(Data records)

----

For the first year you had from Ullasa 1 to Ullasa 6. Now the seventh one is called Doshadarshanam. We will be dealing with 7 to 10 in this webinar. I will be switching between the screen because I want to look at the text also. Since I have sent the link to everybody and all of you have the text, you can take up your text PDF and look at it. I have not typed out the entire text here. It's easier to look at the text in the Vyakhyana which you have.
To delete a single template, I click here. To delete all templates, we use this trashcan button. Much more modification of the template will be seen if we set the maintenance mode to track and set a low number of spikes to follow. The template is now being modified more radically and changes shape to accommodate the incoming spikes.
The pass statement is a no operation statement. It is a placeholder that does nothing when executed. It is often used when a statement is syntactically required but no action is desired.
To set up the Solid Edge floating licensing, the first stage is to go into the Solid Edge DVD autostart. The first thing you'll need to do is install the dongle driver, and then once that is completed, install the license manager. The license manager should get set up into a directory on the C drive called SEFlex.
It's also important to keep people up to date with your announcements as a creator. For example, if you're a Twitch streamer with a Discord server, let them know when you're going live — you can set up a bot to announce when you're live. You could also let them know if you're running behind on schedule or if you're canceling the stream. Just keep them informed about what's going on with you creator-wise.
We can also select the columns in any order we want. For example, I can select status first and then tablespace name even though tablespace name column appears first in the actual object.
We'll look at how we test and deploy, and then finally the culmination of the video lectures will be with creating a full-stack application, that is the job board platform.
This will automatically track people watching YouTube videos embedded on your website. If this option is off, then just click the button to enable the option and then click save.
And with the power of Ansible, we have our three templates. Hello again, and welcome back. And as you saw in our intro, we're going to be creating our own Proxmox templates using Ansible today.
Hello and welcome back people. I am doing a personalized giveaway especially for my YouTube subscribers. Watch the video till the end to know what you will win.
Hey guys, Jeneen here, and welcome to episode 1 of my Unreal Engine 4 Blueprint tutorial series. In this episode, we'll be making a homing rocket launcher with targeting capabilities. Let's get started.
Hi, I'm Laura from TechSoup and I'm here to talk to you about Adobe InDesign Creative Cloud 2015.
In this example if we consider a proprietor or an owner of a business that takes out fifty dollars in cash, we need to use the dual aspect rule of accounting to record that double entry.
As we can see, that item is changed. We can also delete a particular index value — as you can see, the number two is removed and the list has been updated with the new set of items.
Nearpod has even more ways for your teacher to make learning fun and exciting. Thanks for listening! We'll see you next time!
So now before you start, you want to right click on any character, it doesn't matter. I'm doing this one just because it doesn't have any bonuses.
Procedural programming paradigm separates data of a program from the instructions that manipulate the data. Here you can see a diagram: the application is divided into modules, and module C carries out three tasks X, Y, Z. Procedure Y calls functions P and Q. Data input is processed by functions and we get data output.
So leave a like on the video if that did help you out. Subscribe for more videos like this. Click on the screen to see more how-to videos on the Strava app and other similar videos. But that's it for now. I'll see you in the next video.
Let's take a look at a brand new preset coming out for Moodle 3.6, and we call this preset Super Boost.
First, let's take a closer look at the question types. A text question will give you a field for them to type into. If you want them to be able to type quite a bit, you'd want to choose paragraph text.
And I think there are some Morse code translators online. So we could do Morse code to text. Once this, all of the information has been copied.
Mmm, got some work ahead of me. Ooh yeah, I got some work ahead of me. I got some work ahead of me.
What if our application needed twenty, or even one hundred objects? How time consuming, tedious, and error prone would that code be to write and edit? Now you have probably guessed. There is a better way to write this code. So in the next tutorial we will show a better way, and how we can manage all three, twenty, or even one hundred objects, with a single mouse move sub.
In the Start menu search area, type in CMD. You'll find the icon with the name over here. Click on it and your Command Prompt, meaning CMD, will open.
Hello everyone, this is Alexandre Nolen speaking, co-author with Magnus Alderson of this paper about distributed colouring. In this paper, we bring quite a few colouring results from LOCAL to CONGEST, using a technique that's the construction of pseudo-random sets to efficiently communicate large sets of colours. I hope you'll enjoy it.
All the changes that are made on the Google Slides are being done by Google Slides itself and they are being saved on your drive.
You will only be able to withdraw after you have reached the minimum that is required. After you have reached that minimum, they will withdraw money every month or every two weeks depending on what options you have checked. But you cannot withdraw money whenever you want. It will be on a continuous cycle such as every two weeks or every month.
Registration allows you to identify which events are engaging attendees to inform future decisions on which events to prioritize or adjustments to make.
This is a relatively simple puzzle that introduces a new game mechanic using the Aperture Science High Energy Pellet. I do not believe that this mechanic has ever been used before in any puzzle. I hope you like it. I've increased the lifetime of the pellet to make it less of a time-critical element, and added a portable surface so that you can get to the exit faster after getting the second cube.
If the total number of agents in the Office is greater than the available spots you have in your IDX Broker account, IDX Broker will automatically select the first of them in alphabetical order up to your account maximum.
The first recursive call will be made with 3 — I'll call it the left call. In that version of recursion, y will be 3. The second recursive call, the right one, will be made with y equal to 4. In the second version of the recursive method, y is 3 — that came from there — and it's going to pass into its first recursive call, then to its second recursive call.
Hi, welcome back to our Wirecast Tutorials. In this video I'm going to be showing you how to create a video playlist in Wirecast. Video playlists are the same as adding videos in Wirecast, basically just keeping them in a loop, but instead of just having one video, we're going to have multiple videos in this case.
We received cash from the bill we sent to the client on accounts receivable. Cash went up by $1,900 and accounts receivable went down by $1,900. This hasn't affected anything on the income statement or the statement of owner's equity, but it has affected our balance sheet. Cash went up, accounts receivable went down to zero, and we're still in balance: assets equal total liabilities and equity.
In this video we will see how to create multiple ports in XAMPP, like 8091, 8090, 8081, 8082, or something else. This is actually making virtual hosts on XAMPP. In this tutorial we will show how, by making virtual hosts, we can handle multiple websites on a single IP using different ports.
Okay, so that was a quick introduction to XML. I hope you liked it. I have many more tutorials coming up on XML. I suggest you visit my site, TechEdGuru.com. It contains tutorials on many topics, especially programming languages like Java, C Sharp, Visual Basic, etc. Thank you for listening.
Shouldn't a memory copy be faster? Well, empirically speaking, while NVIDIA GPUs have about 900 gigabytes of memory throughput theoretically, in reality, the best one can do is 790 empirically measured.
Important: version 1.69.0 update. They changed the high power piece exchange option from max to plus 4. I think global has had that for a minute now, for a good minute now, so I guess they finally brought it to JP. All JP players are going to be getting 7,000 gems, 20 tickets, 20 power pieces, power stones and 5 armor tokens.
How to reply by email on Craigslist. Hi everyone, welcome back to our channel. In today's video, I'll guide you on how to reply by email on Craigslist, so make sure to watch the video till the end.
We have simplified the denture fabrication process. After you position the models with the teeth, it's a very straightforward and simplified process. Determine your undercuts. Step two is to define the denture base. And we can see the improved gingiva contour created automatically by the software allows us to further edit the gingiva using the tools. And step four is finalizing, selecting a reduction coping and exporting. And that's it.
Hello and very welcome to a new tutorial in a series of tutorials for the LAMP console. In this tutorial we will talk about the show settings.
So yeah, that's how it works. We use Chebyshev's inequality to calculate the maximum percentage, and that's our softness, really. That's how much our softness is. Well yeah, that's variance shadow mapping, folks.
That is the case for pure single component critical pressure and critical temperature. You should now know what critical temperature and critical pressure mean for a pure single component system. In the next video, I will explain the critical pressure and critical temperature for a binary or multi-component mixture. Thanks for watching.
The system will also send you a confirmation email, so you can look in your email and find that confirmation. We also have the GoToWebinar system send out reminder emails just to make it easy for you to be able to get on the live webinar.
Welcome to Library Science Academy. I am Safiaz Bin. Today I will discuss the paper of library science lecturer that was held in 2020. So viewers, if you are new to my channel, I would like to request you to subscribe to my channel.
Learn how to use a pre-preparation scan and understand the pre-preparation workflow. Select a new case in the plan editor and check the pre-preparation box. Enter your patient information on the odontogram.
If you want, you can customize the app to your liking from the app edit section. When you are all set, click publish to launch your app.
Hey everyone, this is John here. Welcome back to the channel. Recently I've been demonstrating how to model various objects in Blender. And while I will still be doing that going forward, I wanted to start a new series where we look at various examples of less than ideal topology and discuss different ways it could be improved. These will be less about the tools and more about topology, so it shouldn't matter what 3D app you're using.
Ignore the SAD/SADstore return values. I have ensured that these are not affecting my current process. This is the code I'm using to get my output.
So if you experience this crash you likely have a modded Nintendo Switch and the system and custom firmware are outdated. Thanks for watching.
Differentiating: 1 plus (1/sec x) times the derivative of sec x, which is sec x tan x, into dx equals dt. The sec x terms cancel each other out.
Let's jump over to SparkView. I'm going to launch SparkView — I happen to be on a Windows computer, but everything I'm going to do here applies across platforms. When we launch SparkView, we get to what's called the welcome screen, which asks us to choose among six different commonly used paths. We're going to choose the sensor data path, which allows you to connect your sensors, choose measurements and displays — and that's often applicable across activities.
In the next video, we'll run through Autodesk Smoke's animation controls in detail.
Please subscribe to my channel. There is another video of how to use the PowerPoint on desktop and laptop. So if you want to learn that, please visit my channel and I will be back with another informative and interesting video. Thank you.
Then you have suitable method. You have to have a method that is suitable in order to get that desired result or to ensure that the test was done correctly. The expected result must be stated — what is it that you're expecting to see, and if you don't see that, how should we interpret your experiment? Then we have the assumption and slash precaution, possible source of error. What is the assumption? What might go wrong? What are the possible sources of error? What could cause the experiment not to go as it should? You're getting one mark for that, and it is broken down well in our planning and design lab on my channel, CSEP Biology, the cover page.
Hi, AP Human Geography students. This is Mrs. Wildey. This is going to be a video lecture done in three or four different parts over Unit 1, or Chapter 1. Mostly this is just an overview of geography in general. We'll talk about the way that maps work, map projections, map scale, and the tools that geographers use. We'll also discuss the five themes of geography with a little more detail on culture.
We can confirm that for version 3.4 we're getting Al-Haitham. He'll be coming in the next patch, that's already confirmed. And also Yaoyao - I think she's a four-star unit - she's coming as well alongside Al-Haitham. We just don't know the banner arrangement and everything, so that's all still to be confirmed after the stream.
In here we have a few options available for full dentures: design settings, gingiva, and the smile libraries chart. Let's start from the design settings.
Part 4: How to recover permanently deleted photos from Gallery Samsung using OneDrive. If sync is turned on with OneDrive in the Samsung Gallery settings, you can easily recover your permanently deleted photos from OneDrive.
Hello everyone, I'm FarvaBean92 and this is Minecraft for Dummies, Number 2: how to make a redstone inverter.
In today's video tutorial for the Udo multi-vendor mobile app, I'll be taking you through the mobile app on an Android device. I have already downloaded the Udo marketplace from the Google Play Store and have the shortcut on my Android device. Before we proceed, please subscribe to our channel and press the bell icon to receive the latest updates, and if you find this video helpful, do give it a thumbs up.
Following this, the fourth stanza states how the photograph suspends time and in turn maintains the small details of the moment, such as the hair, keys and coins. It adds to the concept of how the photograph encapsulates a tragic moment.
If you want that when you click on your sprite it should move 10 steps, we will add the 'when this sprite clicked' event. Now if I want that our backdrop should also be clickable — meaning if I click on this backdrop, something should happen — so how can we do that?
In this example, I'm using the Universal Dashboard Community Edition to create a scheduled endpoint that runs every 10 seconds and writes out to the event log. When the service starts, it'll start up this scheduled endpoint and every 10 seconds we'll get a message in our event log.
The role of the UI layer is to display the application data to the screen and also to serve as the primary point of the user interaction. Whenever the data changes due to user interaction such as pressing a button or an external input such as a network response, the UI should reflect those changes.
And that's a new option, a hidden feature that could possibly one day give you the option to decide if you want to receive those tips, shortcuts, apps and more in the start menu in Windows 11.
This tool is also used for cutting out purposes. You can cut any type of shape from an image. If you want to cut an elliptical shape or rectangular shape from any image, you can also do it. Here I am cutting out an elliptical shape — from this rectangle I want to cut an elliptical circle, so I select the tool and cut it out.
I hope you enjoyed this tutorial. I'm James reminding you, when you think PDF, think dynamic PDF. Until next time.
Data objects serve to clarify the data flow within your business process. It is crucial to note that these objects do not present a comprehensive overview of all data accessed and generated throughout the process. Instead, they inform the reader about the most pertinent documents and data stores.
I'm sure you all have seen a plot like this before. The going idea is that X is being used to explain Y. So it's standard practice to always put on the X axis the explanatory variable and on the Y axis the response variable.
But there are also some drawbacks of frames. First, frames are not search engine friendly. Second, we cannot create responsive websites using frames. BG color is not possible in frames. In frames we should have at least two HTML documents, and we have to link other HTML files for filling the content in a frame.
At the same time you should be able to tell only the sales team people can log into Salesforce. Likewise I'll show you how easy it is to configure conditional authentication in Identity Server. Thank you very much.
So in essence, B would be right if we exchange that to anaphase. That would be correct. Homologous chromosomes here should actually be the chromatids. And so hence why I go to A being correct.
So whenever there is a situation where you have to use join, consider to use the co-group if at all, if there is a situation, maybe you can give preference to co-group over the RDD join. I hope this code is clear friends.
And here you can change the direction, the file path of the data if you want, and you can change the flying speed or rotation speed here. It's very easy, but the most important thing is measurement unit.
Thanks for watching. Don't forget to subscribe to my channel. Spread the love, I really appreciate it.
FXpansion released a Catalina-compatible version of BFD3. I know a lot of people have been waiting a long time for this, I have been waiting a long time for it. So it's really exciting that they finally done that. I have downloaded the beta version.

----

## ASSIGNMENT
Read the records above. Show each line that has the string "creating".

## WRITTEN ANSWER
We'll look at how we test and deploy, and then finally the culmination of the video lectures will be with creating a full-stack application, that is the job board platform.
And with the power of Ansible, we have our three templates. Hello again, and welcome back. And as you saw in our intro, we're going to be creating our own Proxmox templates using Ansible today.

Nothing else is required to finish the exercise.